Menteri Kementerian Kelautan dan Perikanan (KKP) RI, Wahyu Sakti Trenggono, mengatakan Kementerian KKP akan mengembangkan lima komoditas budi daya perikanan laut untuk mendorong kesejahteraan 140 juta penduduk yang tinggal di wilayah pesisir. Lima komoditas perikanan yang dipilih untuk budi daya yakni udang, rumput laut, nila salin, kepiting, lobster. “Pangsa pasarnya cukup besar sekitar 400 miliar dollar Amerika Serikat untuk satu tahun,” kata Menteri dalam kuliah umum yang bertajuk “Kebijakan Ekonomi Baru dan Peran Informasi Geospasial Tematik Ekosistem Karbon Biru pada Kawasan konservasi, Pesisir dan Pulau-Pulau Kecil”, Rabu (6/3), di Ruang Balai Senat, Gedung Pusat UGM.
Untuk mewujudkan usaha budi daya perikanan tersebut dimulai dengan pembangunan kampung nelayan modern yang merupakan bagian dari transformasi ruang hidup dan ruang sosial nelayan agar menjadi lebih produktif dan mandiri dengan dibangunnya fasilitas pabrik es, bale pelatihan, gudang beku, bengkel nelayan, kios persediaan, jalan akses, dermaga, dan pedestrian. Untuk saat ini, kampung nelayan modern yang dibuat sebagai percontohan oleh pemerintah berada di Desa Samber, Kabupaten Biak Numfor, Papua.

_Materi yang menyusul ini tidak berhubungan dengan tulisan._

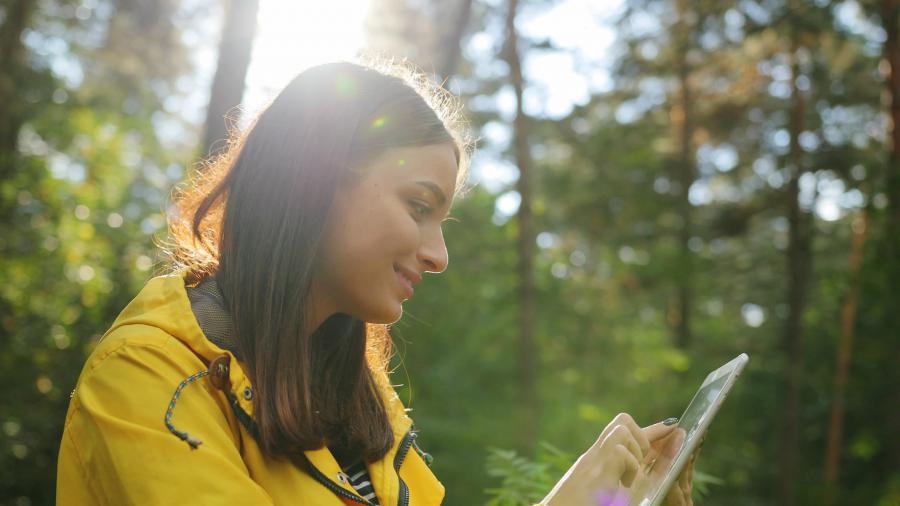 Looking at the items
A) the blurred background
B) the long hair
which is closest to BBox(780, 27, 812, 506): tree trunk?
the blurred background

Pembangunan kampung nelayan modern ini diakui Menteri dalam rangka meningkatkan potensi kemampuan kita agar bisa unggul dalam sektor budi daya perikanan. Ia menyebutkan, untuk budi daya salmon saja banyak negara belajar dari Norwegia. “Untuk budi daya salmon itu belajar dari Norwegia. Misalnya Australia bikin budi daya salmon mendatangkan orang Norwegia,” jelasnya.
Apabila tidak dilakukan usaha budi daya perikanan semacam ini menurut Menteri maka akan sulit untuk meningkatkan kesejahteraan nelayan. Sebab indeks rata-rata nilai tukar nelayan RI saat ini hanya berkisar di angka 104 seharusnya untuk bisa sejahtera harus di angka 130. “Jika nilai tukar masih 104 maka para nelayan seumur hidupnya tidak akan pernah sejahtera,” imbuhnya.

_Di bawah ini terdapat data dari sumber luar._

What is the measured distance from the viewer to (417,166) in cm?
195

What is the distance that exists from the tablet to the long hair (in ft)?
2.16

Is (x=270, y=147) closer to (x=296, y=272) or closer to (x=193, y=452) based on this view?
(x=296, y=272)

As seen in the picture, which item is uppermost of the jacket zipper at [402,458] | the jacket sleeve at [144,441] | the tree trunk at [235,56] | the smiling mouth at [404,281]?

Soal potensi ekonomi dari serapan karbon biru yang berasal dari wilayah kelautan, wilayah konservasi dan pulau terpencil menurut Menteri dapat memberikan kontribusi ekonomi. Oleh karena itu diperlukan sumber data yang komplit melalui pengembangan sistem infrastruktur ocean big data. “Kita sudah melakukan peluncuran satelit nano, mendatangkan kapal yang bisa memonitor, underwater drone, dan seluruh wilayah konservasi dipasang sensor untuk mengetahui kondisi perubahan wilayah konservasi dan pulau terpencil yang termonitor selama 24 jam,” katanya.
Rektor Universitas Gadjah Mada, Prof. dr. Ova Emilia, M.Med.Ed., SP.OG (K)., Ph.D., mengatakan Indonesia memiliki potensi ekonomi dari daerah pesisir dan sektor kelautan untuk menunjang kesejahteraan nelayan dan berkontribusi untuk menurunkan dampak pada perubahan iklim. “Laut kita banyak menyimpan karbon biru lebih besar dibanding karbon hijau namun tantangan kita terkait ketersediaan data akan sumber daya laut termasuk potensi karbon biru,” paparnya.
Rektor menegaskan pihaknya siap untuk berkolaborasi dengan KKP dalam rangka mendorong penyediaan data ekosistem karbon biru secara terintegrasi. “Kami siap berkolaborasi dengan KKP. Kami sudah menjalin kerja sama sebelumnya lewat kegiatan pemetaan ekosistem karbon biru padang lamun di Indonesia,” pungkasnya.